GreptimeTeam/greptimedb-ingester-rust

Async runtime support

Opened this issue · 6 comments

Makes sense to me, this is an important feature 👍

@A248 are you using async-std or smol in your application?

A248 commented

I use async-std myself.

We are using tonic for grpc which is a tokio specific library. I'm afraid it's impossible to switch async runtime unless async-std ships a shim for tokio.
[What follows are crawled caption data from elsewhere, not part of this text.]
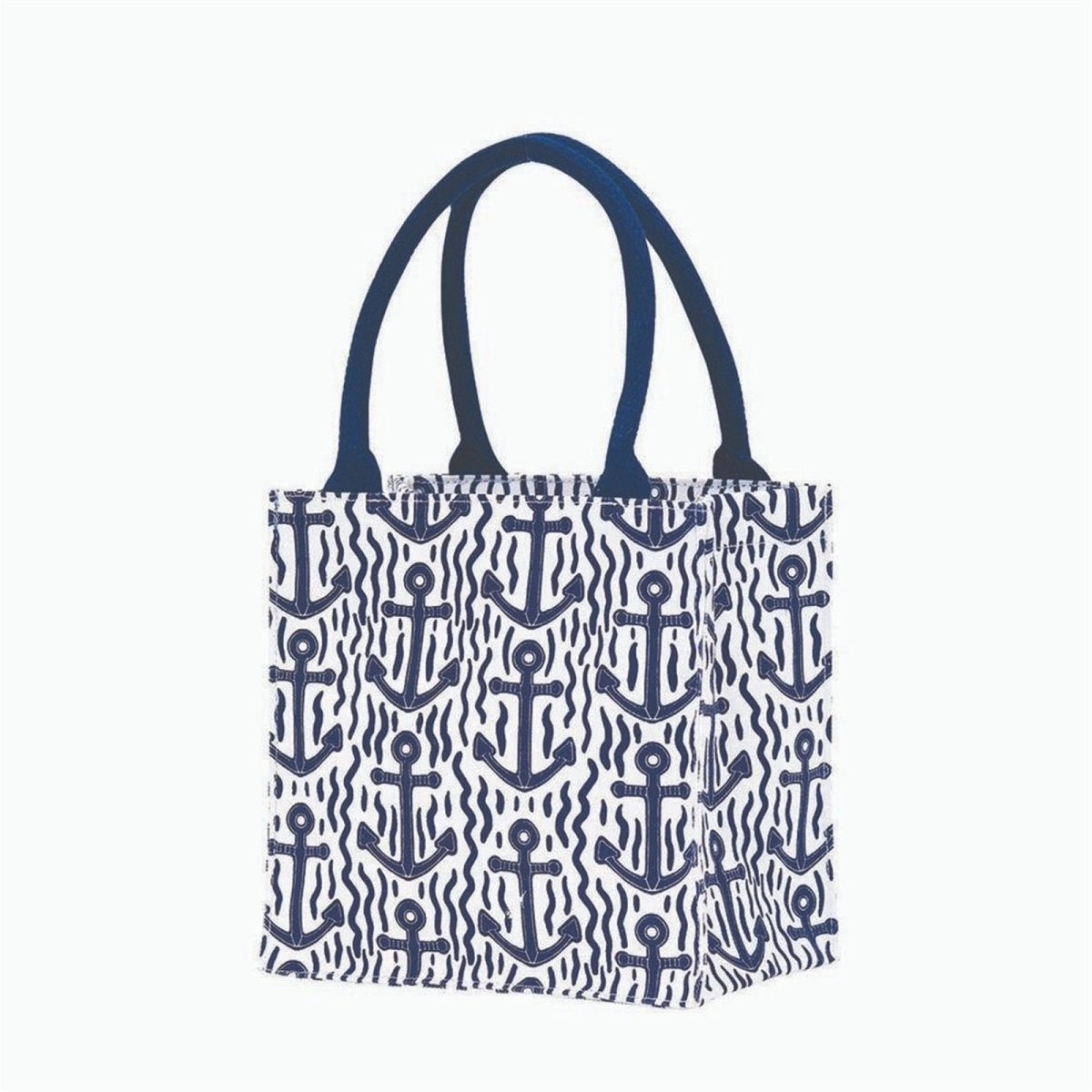 Anchor Reusable Itsy Bitsy Gift Bag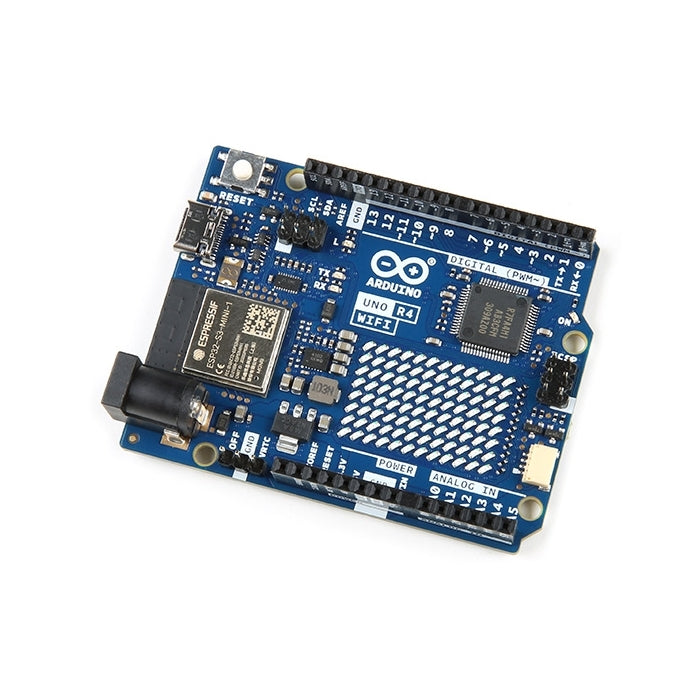 Arduino Uno R4 WiFi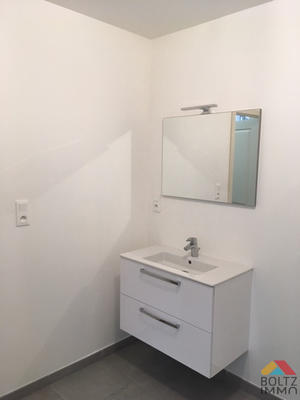 Appartement - 35 m² - 1 pièce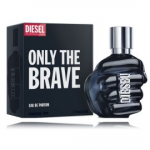Diesel Only The Brave EDP meestele - 35 ml.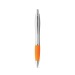 Promotional swing ballpoint pen, plastic pen promotional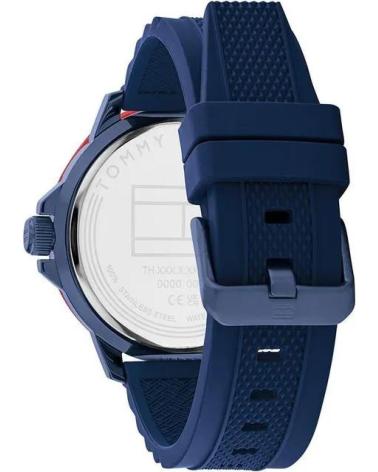 TOMMY HILFIGER 1792022 AZUL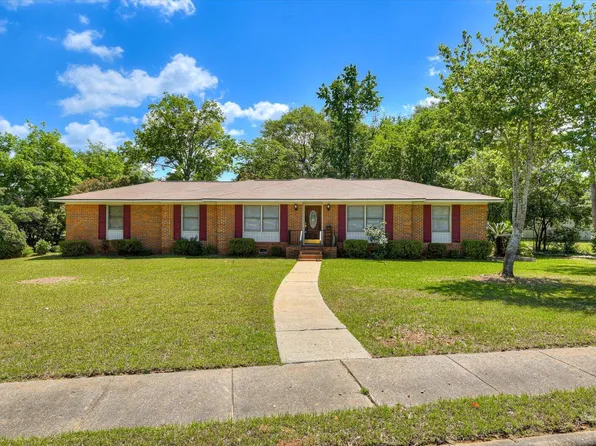 1001 TODD Avenue, North Augusta, SC 29841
The rust async world is converging to tokio ecosystem tbh.

A248 commented

Concretely speaking, tonic's gRPC relies on hyper for HTTP/2 -- from which comes the tokio dependence, from what I see. Fortunately, the hyper maintainers have since acknowledged the need for runtime independence, so hyper 1.0, which is currently in release candidate (RC) stage, has no dependency on tokio. Instead hyper defines its own async I/O traits since hyperium/hyper#3110, which notes:

All other integration with a runtime (Tokio) has been removed

Either Tonic will fully switch to Hyper 1.0 in the future, but if not, I believe downstream libraries can use Hyper 1.0 with Tonic already (see hyperium/tonic#1307).

More broadly, libraries depending on Tokio is the reason Tokio acquires its monopoly. Yet a lack of runtime independence reduces runtime competition and stifles the future of Rust's async ecosystem. Better implementations can always be made, and there are plenty of use-cases for alternative specialized runtimes. By not promoting runtime independence, libraries advance the vicious cycle of runtime vendor lock-in. Greptimedb's rust client is part of this process. It's a tragedy of the commons.

Thank you for the information! We will revisit this issue when hyper 1.0 released with multi-runtime support.

Checked the issue you mentioned, I saw some attempts to create standard trait for async runtimes. That will be the key to resolve this situation. You cannot blame the community to converge on the single, most supported runtime if there is no standard trait to make switching runtime easier. The fragmentation of async runtimes, APIs will also weaken the quality of implementations, when the ecosystem at its early stage.

Anyway, we are 100% willing to support more runtimes if the underlying libraries provide a foundation for doing that.